Mayor Chuck Espy had asked the board to allow him to negotiate with Republic this spring, touting his ability to negotiate contracts. Espy has repeatedly pointed to his ability to obtain new insurance contracts with out-of-town firms that allegedly saved the city thousands of dollars.
Clarksdale will now see it garbage rates for single- or two-family residences go to $35.20 per month per family.
In March of 2022 the city was charging residents $26.50. That fee covers street sweeping, garbage collection, debris collection, litter control and recycling.
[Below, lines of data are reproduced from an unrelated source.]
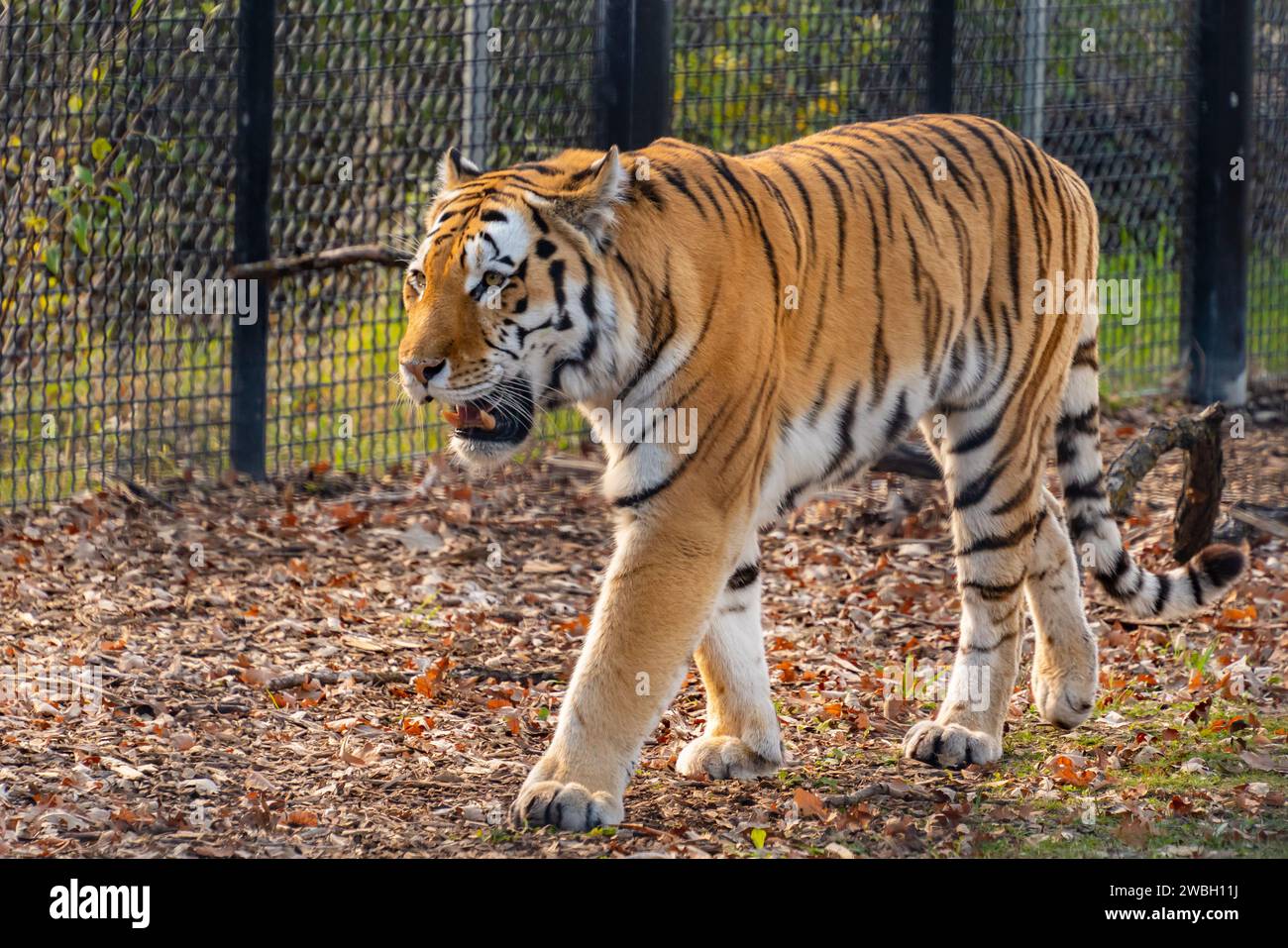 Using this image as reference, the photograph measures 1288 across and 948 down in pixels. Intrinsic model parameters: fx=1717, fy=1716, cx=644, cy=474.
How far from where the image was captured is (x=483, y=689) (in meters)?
4.78

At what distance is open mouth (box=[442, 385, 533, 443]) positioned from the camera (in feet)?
12.0

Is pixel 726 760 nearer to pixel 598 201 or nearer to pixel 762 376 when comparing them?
pixel 762 376

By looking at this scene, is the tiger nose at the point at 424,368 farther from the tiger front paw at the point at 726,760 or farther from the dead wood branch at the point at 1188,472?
the dead wood branch at the point at 1188,472

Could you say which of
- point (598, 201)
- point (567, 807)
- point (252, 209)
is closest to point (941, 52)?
point (252, 209)

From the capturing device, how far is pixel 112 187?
6.23 meters

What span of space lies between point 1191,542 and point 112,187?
4.00 meters

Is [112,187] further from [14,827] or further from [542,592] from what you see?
[14,827]

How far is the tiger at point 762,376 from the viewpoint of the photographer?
362 cm

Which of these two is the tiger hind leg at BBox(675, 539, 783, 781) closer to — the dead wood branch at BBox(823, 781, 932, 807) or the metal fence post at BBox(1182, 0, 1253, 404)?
the dead wood branch at BBox(823, 781, 932, 807)

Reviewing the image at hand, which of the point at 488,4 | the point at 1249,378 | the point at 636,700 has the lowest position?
the point at 636,700

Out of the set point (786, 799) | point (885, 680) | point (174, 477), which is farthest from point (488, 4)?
point (786, 799)

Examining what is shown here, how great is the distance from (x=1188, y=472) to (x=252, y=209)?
3.57 metres

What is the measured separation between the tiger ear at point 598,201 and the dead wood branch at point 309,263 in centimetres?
291

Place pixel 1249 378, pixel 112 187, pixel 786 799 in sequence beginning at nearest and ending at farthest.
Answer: pixel 786 799, pixel 112 187, pixel 1249 378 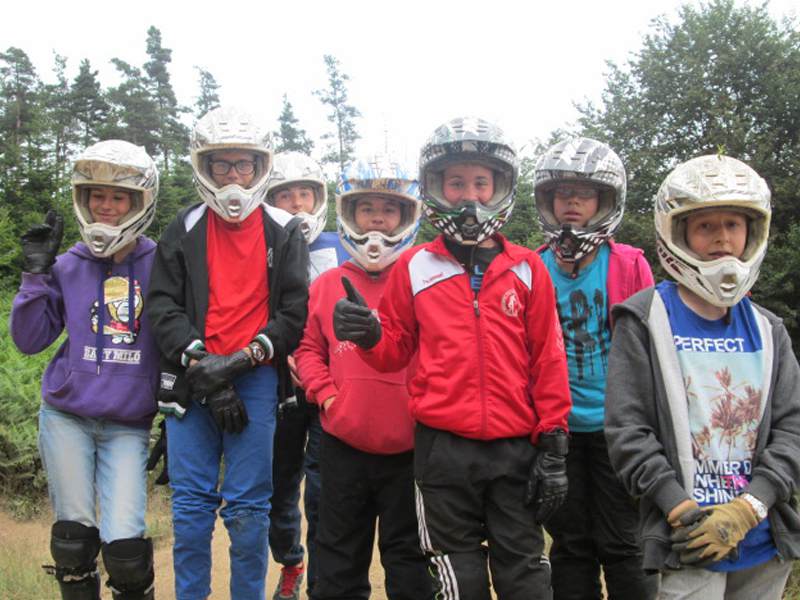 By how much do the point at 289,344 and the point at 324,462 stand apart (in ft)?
2.12

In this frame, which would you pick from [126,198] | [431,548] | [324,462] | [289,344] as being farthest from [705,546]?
[126,198]

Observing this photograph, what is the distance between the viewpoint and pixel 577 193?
12.8 feet

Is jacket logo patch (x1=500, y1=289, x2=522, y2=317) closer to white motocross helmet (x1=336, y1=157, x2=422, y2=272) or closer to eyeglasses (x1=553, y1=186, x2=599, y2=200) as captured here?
white motocross helmet (x1=336, y1=157, x2=422, y2=272)

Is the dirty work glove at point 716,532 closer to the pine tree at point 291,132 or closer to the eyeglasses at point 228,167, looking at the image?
the eyeglasses at point 228,167

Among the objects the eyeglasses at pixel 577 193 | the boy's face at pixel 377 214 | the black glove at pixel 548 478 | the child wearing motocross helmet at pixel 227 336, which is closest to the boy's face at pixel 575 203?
the eyeglasses at pixel 577 193

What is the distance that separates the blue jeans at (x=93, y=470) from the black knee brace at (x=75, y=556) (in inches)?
2.2

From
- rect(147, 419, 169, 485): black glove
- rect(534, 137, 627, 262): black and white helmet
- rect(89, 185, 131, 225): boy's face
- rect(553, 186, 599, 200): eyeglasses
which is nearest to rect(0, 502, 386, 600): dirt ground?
rect(147, 419, 169, 485): black glove

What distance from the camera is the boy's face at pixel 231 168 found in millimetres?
3898

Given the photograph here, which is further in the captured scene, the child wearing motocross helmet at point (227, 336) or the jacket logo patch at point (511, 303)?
the child wearing motocross helmet at point (227, 336)

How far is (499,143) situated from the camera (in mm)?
3334

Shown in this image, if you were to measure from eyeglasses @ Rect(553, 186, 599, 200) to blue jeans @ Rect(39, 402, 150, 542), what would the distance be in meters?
2.70

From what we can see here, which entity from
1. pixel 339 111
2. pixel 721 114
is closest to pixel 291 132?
pixel 339 111

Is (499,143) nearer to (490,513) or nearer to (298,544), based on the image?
(490,513)

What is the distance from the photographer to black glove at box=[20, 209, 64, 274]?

Republic negotiated a deal with Coahoma County for garbage pickup this summer that also saw rates go up and the county move to pick up debris themselves in an effort to keep rates down.’
The county collects its “fees” through property taxes and property owners who rent houses collect that fee through rent. The county levies a five mill property tax for garbage collection and does not charge a fee to homes. That levy raises approximately $800,000.
The city bills garbage pickup through Clarksdale Public Utilities as part of their electric, water and sewer bill each month.
The new ordinance and fees will also require residents to place their garbage can “at ground levels and not more than five feet from the side of the street.”
But apparently not everyone in Clarksdale pays for garbage pickup.
Some residents put their trash in black-garbage bags, put them on the curb with other debris and the city’s debris truck grabs those garbage bags with limbs and debris, drops it in their truck bed, and hauls it to the rubbish landfill. Placing household garbage in a rubbish landfill is a direct violation of MDEQ rules. The city has been cited repeatedly by MDEQ for violations at its rubbish landfill.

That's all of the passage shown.